Hiçbir şey bilmediği için ona küçümseyerek bakmak istedim ama sonra bundan vazgeçtim. Cidden.. Ben ne yapıyordum? Mesajımı okuduğu hâlde cevap vermediği için Seokjin'e kinleniyor muydum? Kalan iki haftalık ömrümde tek düşündüğüm gerçekten bu muydu?
Kendime kızmaya başladım. Bunların hiçbirini yapmak zorunda değildi, bende onun tavsiyesiyle hayatı sevecek değildim. Kimi kandırıyordum? Tabii ki intihar fikrindan vazgeçmeyecektim, bir iki samimi mesaja aldanıp yaşamayı seçecek miydim gerçekten? Hiç sanmıyordum.
Seokjin'in mutlu hayatında olabileceğim en iyi yer onun gölgesiydi, umut dolu bir üniversite öğrencisinin anlarını cehenneme çevirmektense bencillik etmeyi tam şu an kesmeliydim.
"Dayımın kafesine götürürüm," dedim. "Çiçeğe bakamam çünkü yazın çalışmayı düşünüyorum."

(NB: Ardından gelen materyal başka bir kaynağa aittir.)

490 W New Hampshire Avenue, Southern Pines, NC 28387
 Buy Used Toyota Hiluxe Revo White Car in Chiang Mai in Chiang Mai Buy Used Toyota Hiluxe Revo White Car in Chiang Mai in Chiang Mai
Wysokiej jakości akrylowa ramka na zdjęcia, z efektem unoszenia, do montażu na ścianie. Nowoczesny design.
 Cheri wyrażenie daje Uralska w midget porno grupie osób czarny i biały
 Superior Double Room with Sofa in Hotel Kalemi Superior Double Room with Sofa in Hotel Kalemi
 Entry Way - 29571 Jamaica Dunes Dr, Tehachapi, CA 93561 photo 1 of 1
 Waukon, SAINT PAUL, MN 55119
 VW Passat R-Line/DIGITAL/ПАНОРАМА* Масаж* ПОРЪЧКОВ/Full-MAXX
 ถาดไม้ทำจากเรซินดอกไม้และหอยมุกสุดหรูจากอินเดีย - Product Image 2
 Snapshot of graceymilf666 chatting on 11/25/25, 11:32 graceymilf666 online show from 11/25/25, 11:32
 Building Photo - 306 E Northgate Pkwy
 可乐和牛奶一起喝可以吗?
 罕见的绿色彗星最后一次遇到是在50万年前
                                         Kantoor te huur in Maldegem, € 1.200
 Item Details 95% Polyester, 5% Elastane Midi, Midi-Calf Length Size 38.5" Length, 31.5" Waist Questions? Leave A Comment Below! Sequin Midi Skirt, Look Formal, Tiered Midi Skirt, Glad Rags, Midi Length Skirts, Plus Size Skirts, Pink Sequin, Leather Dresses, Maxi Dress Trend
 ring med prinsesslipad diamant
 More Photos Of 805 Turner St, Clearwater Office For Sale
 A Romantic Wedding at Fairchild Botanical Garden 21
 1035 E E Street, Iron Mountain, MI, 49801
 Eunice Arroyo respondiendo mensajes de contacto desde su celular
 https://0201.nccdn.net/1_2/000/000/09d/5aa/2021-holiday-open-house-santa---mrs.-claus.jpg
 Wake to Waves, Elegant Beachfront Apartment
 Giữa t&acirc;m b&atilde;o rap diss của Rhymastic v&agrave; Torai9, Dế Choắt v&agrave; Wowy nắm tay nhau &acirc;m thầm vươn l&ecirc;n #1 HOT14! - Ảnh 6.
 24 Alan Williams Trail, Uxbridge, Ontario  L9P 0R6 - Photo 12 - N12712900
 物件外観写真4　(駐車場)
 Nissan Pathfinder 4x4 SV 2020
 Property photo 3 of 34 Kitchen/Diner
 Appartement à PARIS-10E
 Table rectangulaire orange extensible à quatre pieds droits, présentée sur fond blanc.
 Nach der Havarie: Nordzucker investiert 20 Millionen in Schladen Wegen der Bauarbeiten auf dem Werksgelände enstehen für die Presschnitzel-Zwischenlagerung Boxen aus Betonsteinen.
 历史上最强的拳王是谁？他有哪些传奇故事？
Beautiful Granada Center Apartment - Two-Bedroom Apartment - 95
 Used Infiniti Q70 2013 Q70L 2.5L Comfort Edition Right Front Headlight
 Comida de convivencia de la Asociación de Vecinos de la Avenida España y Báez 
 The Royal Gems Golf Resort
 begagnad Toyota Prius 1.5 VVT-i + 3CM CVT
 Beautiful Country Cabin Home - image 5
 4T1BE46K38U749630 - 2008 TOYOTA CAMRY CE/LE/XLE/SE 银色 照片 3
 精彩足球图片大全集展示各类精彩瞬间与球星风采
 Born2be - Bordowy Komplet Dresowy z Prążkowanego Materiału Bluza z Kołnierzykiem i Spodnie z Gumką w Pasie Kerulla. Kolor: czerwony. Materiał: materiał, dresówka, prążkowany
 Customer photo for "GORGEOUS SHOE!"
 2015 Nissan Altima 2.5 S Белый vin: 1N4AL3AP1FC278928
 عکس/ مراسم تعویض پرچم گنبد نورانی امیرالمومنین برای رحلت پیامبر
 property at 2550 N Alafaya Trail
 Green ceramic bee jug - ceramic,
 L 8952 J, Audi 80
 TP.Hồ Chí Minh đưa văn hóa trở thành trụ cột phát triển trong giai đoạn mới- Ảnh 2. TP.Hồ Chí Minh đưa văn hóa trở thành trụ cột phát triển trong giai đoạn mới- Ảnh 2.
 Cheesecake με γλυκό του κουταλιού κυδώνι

Anlayışla salladı başını. Bir müddet sessizce karşılıklı oturduk. Seokjin'in telefonu çalmaya başladığında arka cebinden alıp cevapladı.
Bir anda keyiflenip "Minji?" dediğinde dün yaptığım ufacık stalk ile Minji'nin Instagramdan tanıştığı kız olduğunu anladım. "Tabii ki gelirim. Diğerleri de gelecek mi?"
Minji her ne söylüyorsa Seokjin'in yüzünde güller açıyordu. Belki de hoşlandığı kızdı. Gerçi bundan bana ne? Neden ona odaklanmıştım ki?
Seokjin telefonu kapatıp bana döndüğünde "Benimle dışarı gelmek ister misin?" diye sorduğunda cevap vermeme fırsat bırakmadan "İstersin istersin," dedi ve kolumdan tutup kaldırdı. "Hadi hazırlan ve hemen aşağı in."
"Gelmek istem..-" diyecekken Bayan Kim bir anda kapıda belirivermiş ve "Sana da değişiklik olur Jisoo," demişti. "Hem sen Seokjin'le gidersen gözüm arkada kalmaz."
Seokjin omuzlarımdan tutup beni öne doğru iterek yürütürken ona karşı çıkamadım ve hazırlanmak için odama çıktım.
Bu hareketine gıcık olsamda bana da değişiklik olurdu belki.
hadi bakalım gelecek bölümde uwu bir jisoo yazacağım, biraz kabuğundan sıyrılmış ve eğlenmeye başlayacak bir jisoo.. :')
sizce seokjin cidden mesajları okudu ve görmezden mi geldi?
hemen yazdım ve yayınlıyorum, galiba bir solukta yazıp bitireceğim gibi hikâyeyi..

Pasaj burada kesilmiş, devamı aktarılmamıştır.